Southpark kills me like Kenny. I will take out stupid DVD's from the library just to open the end credits to see Bad Robot. I have the first two issues (were there ever more, I hope to God not?) of War Sluts, which may be arguably the worst comic book ever printed, not to say committed (as in crime) to paper.

And I read them.

There is Dumb, and there is Good Dumb. Crater On The Moon, published by Keith Curtis's Cyclops Unlimited, is Very Good Dumb.

Southpark is Good Dumb. War Sluts edges into Good Dumb when its writer allows a tongue-in-cheek hint that he knows how Dumb his stuff is (then again, that guy sells those World War Two catalogs that at one time featured the green concentration camp soap -- pocketed by pilfering GI's --for $6.00 a bar - not exactly value-added product). Hey Mister would like to pass as Dumb, but it's not dumb.

Crater On The Moon is so dumb. It's black-and-white fumetti - photos of the publisher and his friends, with word balloons. It has green-toned monsters on the cover, hybrid creatures with the wings and toothy faces of barely-developed dinosaur-birds, and the breasts and butts of some pretty sexy women (who posed for those? The publisher's girlfriend? Telephotos shots on a nude beach? Should Playboy's lawyers be checking out Fair Use guidelines?).

They're called space harpies. They're mostly in there as an excuse for an all-guy cast to aim big cylindrical weapons at naked booty.

Flip open these slick and well-produced little booklets ("Nice production values") and you'll run into names like Athena, Jason and Idemen. I thought this space opera was just following astronomy's and the space program's liking for Greco/Roman religions, until I ran into the Clashing Rocks.

Yes, warned readers, Crater On The Moon is another version of The Argosy. Conscious reference? It's as dumb as that creepy old men's magazine we used to sneak out of our dads' closets, but it's saved by its own goofball self-mockery, almost to the point of Cool (self-conscious Cool? Some Hipsters heads may explode). There's even a line involving pudding, which, if you're a Goon Show or Spike Milligan fan will put you in the right frame of mind.
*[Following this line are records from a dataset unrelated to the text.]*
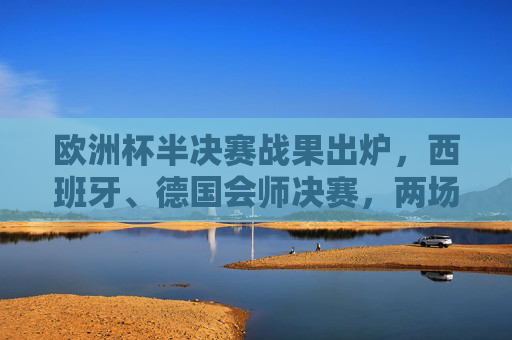 欧洲杯半决赛战果出炉，西班牙、德国会师决赛，两场对决悬念迭起，欧洲杯半决赛，西班牙德国会师决赛，悬念迭起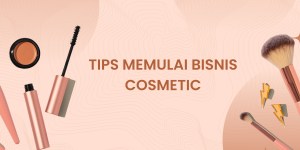 tips memulai bisnis cosmetik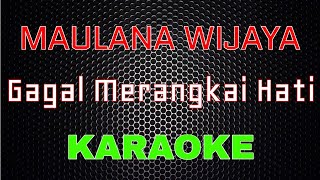 Maulana Wijaya  Gagal Merangkai Hati Karaoke  LMusical [upl. by Redvers]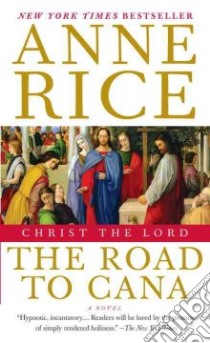 Christ The Lord libro in lingua di Rice Anne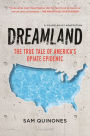 Dreamland: The True Tale of America's Opiate Epidemic: Young Adult Adaptation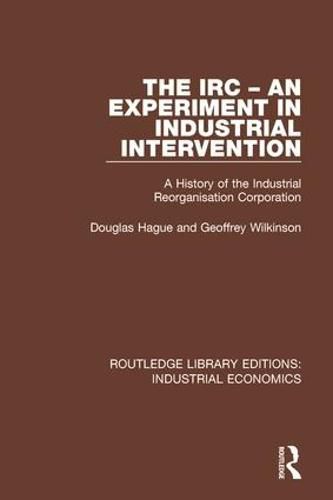 Cover image for The IRC - An Experiment in Industrial Intervention: A History of the Industrial Reorganisation Corporation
Fumetti has a bad rap in comics, something I've never understood from a group of readers who slaver over Gary Milledge's Strangehaven. Gary managed to sqeeze something fresh from Twin Peaks with photos converted into pencil drawings. Even Roberta Gregory has been pussy-footing with a possible new fumetti series (You'll just have to keep an eye on her site [www.robertagregory.com], maybe beg her to share hints).

Before you think COTM is too ridiculous, especially in that portrayal of the harpies, go back and read the classics - that's the way the harpies are described in the original. All-guy casts shooting at half-naked feathered shit-bitches isn't something the Crater guys invented.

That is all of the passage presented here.